El documento ha sido elaborado de forma conjunta por la autoridad portuaria y los diferentes operadores de la cadena logística y será de aplicación en las tareas de carga y descarga de buques, el almacenamiento de mercancías y su transporte interno, así como en la expedición por carretera y ferrocarril.
La nueva regulación persigue reducir las emisiones de polvo, evitar pérdidas de mercancía y vertidos al suelo o al agua, prevenir la contaminación cruzada entre productos, reforzar el control de plagas y minimizar el impacto sobre la fauna y la flora.

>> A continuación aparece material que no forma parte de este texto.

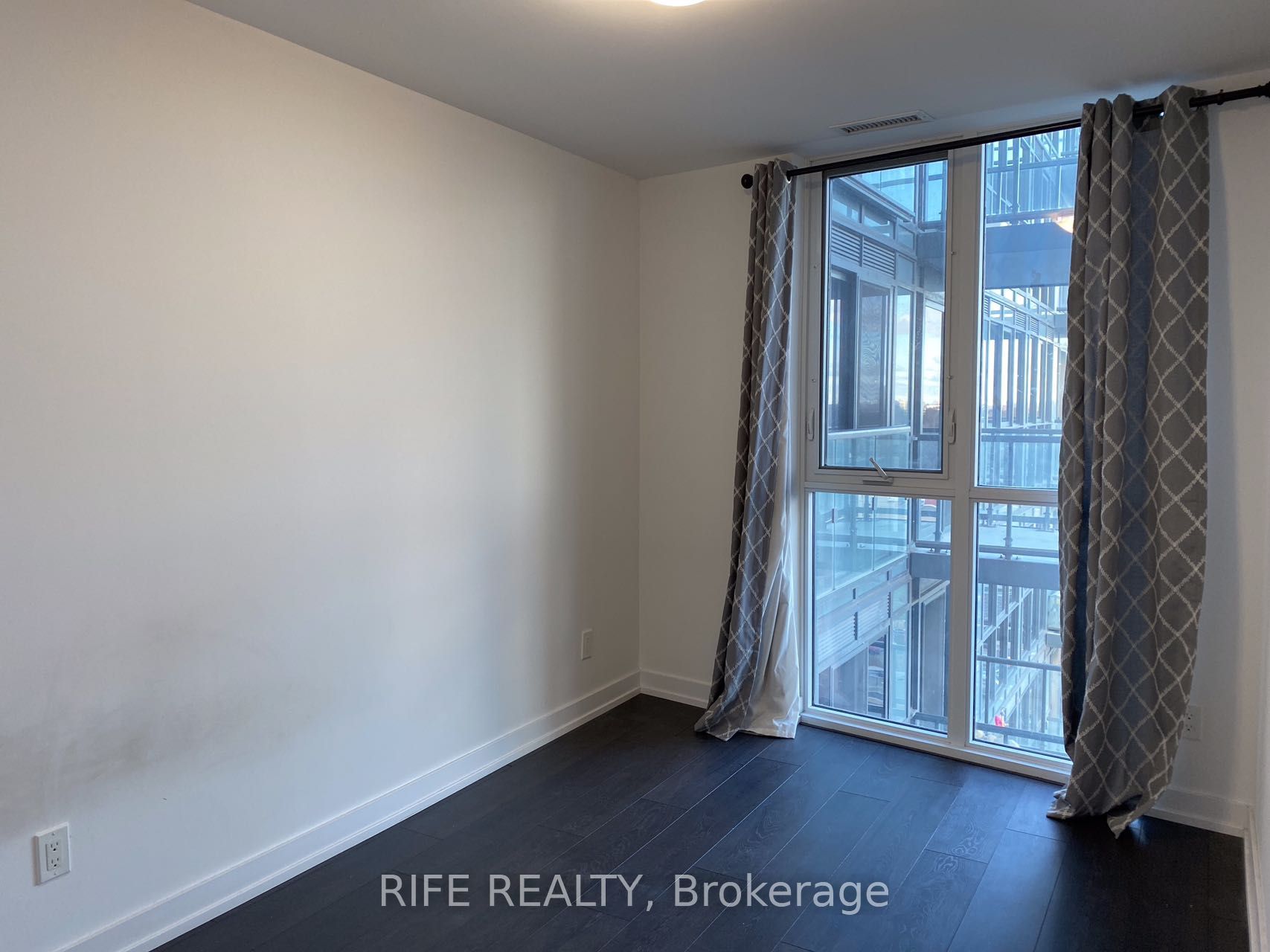 125 Redpath Ave Property Photo 2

Además, forma parte de las medidas impulsadas junto al Ayuntamiento de Tarragona para hacer frente a la sobrepoblación de aves urbanas, limitando su acceso a los graneles agroalimentarios y mejorando la seguridad de las operaciones.
Entre las principales novedades, la instrucción establece procedimientos para minimizar la dispersión de producto durante la descarga de los buques, como un uso más preciso de las grúas, la limitación de la velocidad de trabajo y la reducción de las sobrecargas. También obliga a que camiones y vagones ferroviarios transporten la mercancía protegida con lonas, evitando pérdidas durante los desplazamientos y respetando las limitaciones de velocidad en las zonas de manipulación.
Asimismo, al finalizar cada jornada será obligatorio limpiar las áreas operativas para eliminar los restos de producto acumulados. En materia de almacenamiento, las naves deberán incorporar sistemas que impidan la entrada de aves, como puertas interiores de lamas, mallas metálicas en ventanas y sensores para controlar el cierre de las instalaciones. Las empresas concesionarias dispondrán de seis meses para adaptar las infraestructuras existentes, aunque la obligación de mantener las naves cerradas al término de las operaciones es efectiva desde la entrada en vigor de la nueva instrucción.